* Short descriptive text snippets
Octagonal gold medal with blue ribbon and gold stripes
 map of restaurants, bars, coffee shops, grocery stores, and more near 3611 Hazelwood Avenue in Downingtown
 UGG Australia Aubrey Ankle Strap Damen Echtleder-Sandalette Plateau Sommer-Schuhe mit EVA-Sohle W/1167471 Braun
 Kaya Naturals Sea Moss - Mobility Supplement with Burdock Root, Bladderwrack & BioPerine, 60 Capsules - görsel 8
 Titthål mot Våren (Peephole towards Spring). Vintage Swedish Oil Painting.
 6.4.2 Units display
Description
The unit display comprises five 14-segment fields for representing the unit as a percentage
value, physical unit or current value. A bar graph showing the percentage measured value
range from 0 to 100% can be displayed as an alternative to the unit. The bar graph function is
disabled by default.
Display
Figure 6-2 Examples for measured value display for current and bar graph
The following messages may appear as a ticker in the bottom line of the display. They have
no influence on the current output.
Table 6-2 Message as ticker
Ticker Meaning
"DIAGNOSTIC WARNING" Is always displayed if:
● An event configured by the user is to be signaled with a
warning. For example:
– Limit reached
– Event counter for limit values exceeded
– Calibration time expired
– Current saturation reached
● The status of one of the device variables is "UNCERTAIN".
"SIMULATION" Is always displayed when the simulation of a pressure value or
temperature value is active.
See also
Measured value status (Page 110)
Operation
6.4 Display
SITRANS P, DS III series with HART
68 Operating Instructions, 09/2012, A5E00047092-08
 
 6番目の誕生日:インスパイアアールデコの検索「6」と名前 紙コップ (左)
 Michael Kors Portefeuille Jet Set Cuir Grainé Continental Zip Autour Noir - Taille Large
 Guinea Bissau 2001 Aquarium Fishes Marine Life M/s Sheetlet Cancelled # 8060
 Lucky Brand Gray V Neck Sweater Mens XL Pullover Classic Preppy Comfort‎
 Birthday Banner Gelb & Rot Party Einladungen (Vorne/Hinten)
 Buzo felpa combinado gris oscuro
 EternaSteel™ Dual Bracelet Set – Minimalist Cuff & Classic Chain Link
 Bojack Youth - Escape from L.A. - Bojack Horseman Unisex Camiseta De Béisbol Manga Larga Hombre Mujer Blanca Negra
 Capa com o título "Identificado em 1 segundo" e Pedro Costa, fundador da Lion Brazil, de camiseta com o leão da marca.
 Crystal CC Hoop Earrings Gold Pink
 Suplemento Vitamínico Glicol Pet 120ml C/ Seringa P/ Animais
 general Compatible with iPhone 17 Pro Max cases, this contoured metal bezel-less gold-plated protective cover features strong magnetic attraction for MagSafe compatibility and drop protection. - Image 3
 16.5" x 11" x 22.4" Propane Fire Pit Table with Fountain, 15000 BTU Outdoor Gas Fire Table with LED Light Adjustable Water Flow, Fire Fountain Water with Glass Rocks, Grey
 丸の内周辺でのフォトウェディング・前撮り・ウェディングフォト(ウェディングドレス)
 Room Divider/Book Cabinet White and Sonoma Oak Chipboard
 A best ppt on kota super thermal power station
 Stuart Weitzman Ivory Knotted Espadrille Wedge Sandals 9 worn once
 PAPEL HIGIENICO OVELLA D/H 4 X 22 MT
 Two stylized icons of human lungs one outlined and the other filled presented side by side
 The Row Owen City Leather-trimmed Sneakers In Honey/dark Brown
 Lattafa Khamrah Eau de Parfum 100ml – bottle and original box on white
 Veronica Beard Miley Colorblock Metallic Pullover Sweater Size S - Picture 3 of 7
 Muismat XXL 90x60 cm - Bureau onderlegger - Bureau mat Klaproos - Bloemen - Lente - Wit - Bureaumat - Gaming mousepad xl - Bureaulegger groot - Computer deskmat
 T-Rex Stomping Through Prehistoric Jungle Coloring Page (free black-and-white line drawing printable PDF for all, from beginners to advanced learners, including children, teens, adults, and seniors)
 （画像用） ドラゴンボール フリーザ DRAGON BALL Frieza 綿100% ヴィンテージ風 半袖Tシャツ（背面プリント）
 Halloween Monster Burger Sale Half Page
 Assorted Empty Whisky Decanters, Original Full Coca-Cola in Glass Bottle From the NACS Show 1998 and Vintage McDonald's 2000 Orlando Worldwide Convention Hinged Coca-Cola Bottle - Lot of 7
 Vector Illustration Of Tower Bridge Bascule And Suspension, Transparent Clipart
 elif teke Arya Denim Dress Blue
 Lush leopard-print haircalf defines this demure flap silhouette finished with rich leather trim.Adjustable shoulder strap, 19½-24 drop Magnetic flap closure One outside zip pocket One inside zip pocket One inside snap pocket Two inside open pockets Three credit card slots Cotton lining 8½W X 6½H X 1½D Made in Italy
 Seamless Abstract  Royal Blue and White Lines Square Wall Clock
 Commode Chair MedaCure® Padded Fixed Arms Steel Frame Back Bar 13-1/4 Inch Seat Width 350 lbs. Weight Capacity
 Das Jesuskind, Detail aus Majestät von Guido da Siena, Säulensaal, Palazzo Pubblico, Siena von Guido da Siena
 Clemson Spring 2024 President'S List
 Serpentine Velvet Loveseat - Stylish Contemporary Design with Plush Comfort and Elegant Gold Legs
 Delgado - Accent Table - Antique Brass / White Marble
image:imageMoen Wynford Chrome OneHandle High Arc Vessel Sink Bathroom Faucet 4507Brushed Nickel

* Task to complete
In the data above, find the line that contains "Halloween Monster Burger Sale Half Page" and the line that contains "elif teke Arya Denim Dress Blue". Repeat exactly those lines and every line between them, and only those.

* Reply to the task
 Halloween Monster Burger Sale Half Page
 Assorted Empty Whisky Decanters, Original Full Coca-Cola in Glass Bottle From the NACS Show 1998 and Vintage McDonald's 2000 Orlando Worldwide Convention Hinged Coca-Cola Bottle - Lot of 7
 Vector Illustration Of Tower Bridge Bascule And Suspension, Transparent Clipart
 elif teke Arya Denim Dress Blue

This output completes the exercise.